▶ **Problem statement**
The answer is the set of lines that include "image", copied from the data below.

▶ **Exercise material**
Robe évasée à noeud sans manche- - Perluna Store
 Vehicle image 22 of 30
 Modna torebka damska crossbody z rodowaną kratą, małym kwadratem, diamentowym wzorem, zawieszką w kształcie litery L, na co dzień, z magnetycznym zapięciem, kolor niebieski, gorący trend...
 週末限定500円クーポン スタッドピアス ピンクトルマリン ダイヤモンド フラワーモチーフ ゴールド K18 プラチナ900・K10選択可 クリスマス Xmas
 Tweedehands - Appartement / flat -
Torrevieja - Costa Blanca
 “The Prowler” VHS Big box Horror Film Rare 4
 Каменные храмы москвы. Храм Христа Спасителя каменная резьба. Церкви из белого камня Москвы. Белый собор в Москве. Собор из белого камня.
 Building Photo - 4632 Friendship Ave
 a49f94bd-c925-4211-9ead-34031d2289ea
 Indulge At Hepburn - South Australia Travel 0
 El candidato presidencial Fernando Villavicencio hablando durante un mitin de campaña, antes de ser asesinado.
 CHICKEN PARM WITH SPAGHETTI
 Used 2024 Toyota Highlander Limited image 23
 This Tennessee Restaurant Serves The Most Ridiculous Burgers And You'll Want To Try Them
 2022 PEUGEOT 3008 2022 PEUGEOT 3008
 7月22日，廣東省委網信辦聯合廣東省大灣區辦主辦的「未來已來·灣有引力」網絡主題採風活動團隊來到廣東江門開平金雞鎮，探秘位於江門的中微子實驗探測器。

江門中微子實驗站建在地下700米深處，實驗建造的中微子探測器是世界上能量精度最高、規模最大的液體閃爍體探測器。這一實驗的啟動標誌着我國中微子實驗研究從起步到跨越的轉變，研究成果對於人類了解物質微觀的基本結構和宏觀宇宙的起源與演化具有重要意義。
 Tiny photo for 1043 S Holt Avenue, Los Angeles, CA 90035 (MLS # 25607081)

▶ **Response below**
 Vehicle image 22 of 30
 Used 2024 Toyota Highlander Limited image 23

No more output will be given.